### PROBLEM TO WORK ON
Reproduce exactly the line with "A 9 carat gold" and every line that follows it below, up to and including the last one. Do not include pictures or anything else.

= = = =

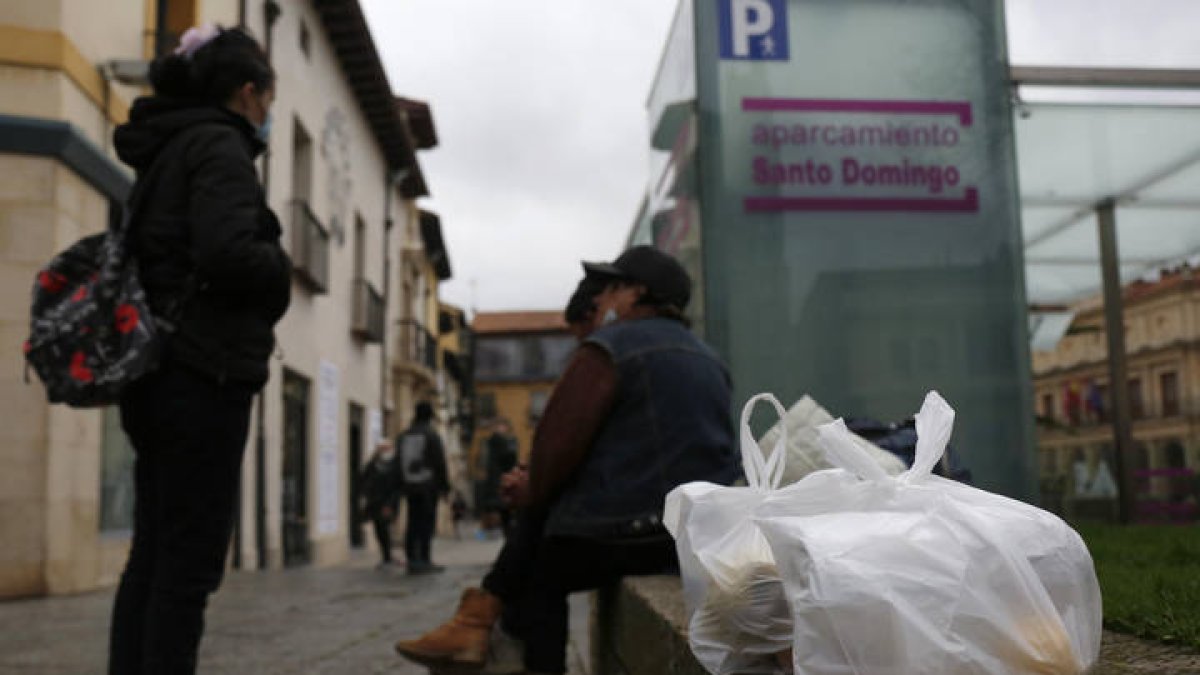 Personas comiendo tras recoger la comida del Hogar de Caridad. F. Otero Perandones.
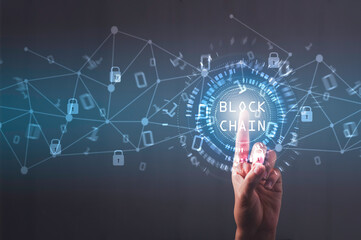 Blockchain technology concept, Businessman using finger touch  Blockchain text in technology circle , Binary code with connect digital technology line blue background.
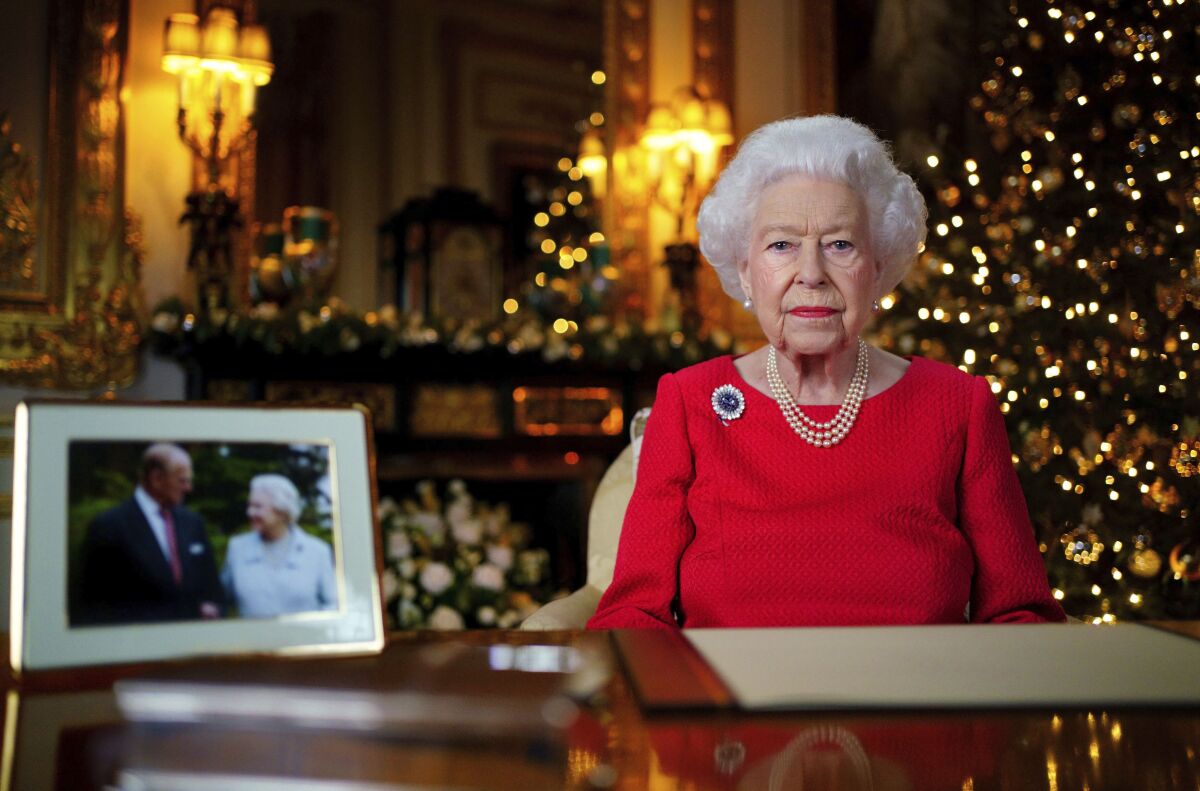 Queen Elizabeth II with Christmas decorations behind her
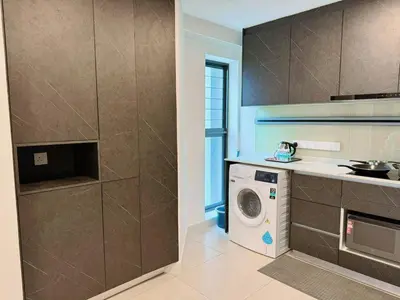 a kitchen with a washer and a washing machine at The Atrium at Jalan Ampang by OKBnB - Luxury 3 Bedroom Family Suite with Balcony, 3 mins to KLCC in Kuala Lumpur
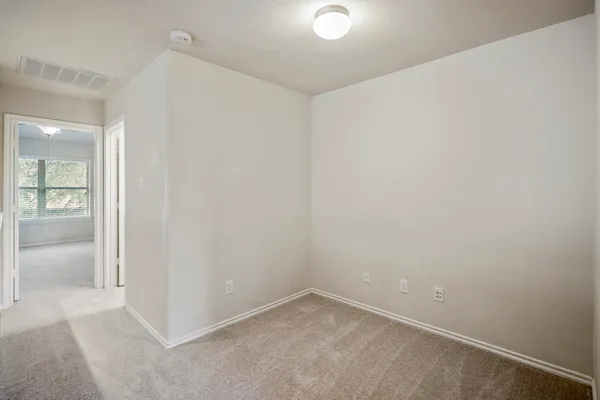 an empty room with an entryway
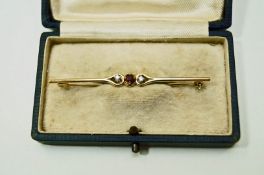 A 9 carat gold ruby and diamond three stone bar brooch, 5.6 cm long, 1.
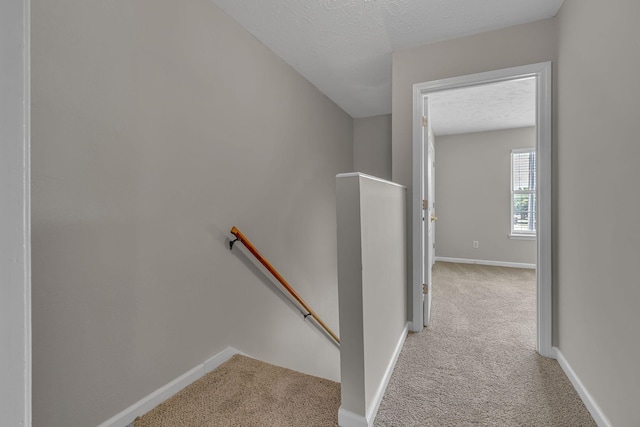 stairway with baseboards, carpet flooring, and a textured ceiling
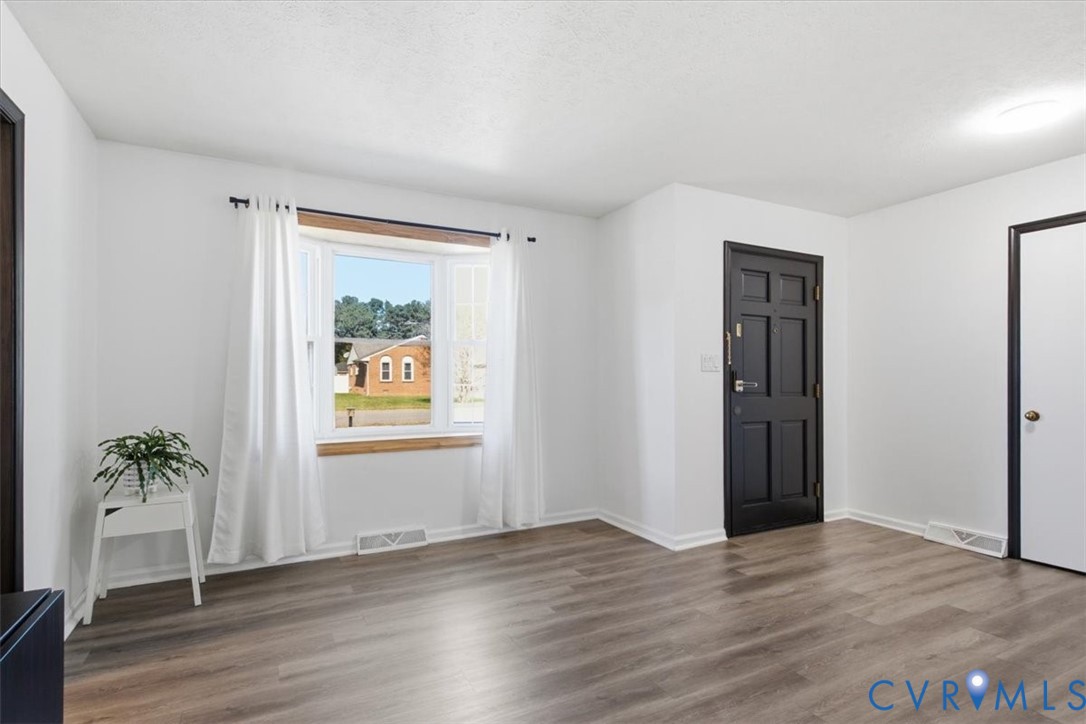 Interior space featuring wood-finish flooring, a multi-pane bay window, and a paneled entry door with contrasting trim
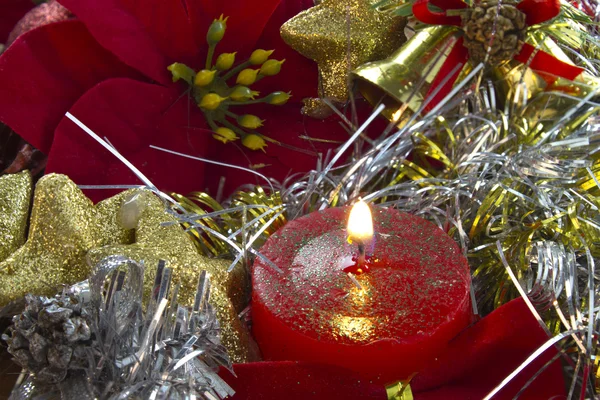 Christmas candle with poinsettia — Stock Photo, Image
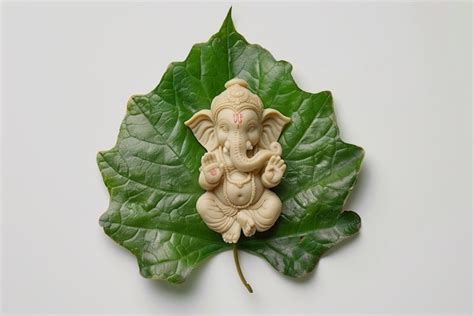 Baby Lord Ganesh Idol On Green Leaves Premium Ai Generated Image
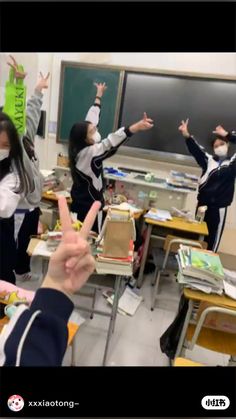 two girls and one boy wearing masks in a classroom with their hands up to the ceiling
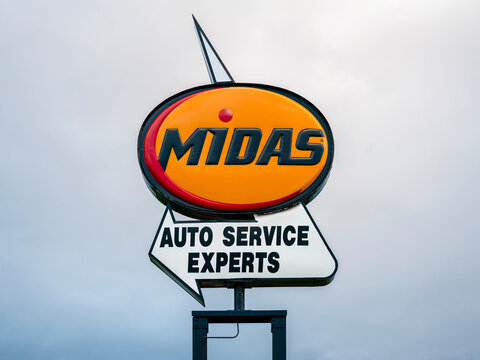 Rome, NY - Jun 7, 2026: Roadside Midas Auto Service Experts pole sign, representing Midas International LLC under TBC Corporation, a global automotive service brand 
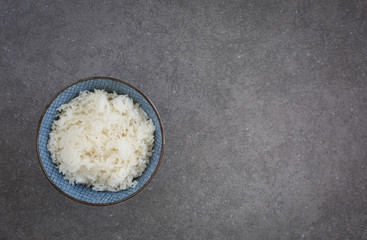A blue ceramic bowl with white jasmine rice. Overhead shot. Dark gray background 
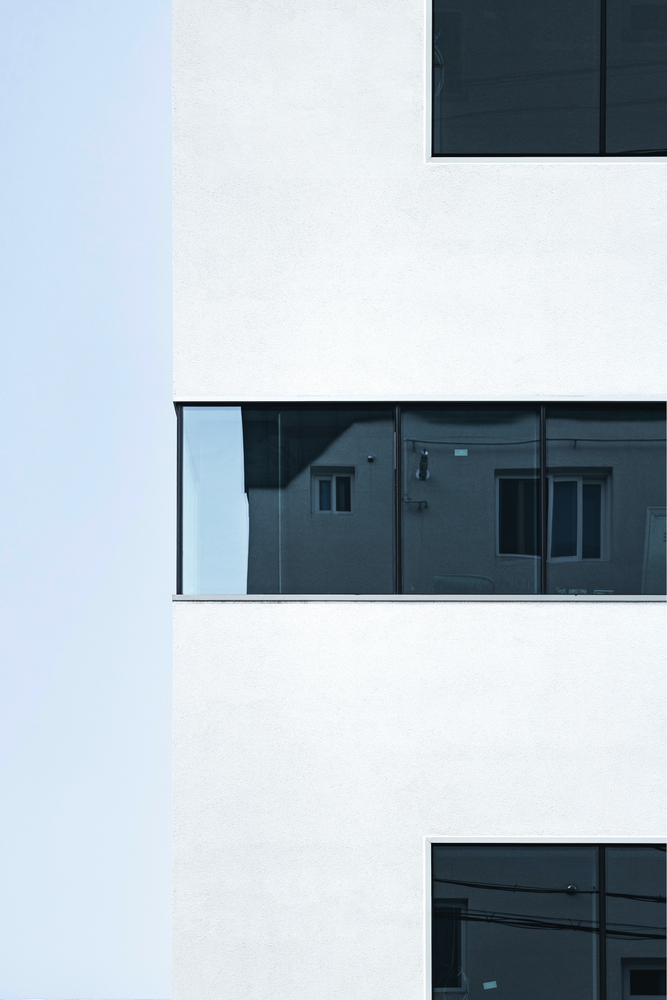 Stacked white volumes with recessed glazed balconies reflecting adjacent residential buildings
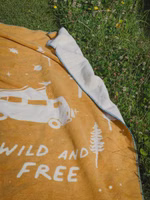 eine senfgelbe Kuscheldecke mit dem cremefarbenen Motiv von Bäumen, einem Campingbus und dem Schriftzug wild & free liegend auf einer grünen Wiese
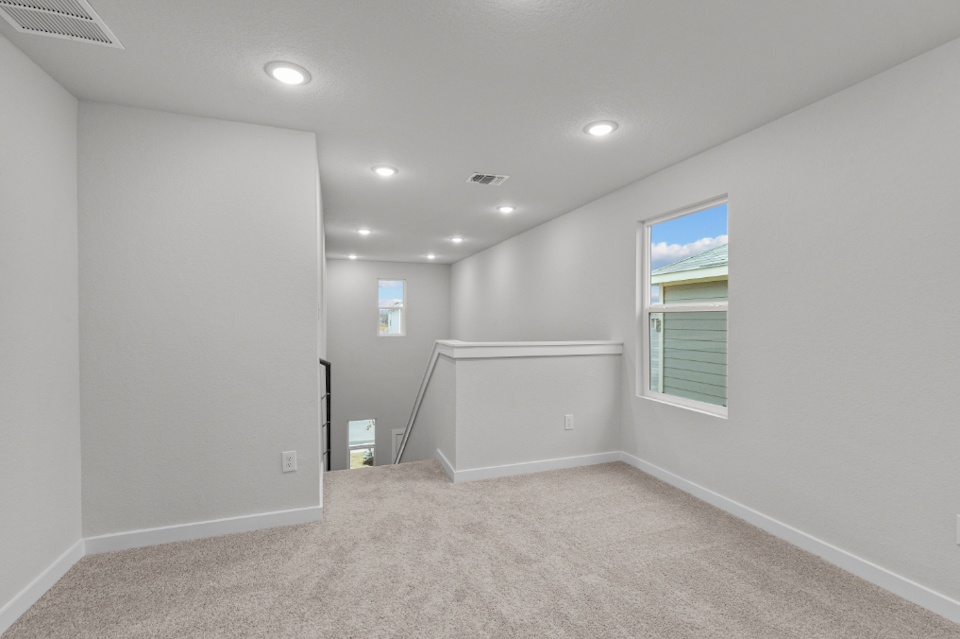 A room with a white wall and a window.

= = = =

### SOLUTION TO THE PROBLEM
 A 9 carat gold ruby and diamond three stone bar brooch, 5.6 cm long, 1.
 stairway with baseboards, carpet flooring, and a textured ceiling
 Interior space featuring wood-finish flooring, a multi-pane bay window, and a paneled entry door with contrasting trim
 Christmas candle with poinsettia — Stock Photo, Image
 Baby Lord Ganesh Idol On Green Leaves Premium Ai Generated Image
 two girls and one boy wearing masks in a classroom with their hands up to the ceiling
 Rome, NY - Jun 7, 2026: Roadside Midas Auto Service Experts pole sign, representing Midas International LLC under TBC Corporation, a global automotive service brand 
A blue ceramic bowl with white jasmine rice. Overhead shot. Dark gray background 
 Stacked white volumes with recessed glazed balconies reflecting adjacent residential buildings
 eine senfgelbe Kuscheldecke mit dem cremefarbenen Motiv von Bäumen, einem Campingbus und dem Schriftzug wild & free liegend auf einer grünen Wiese
 A room with a white wall and a window.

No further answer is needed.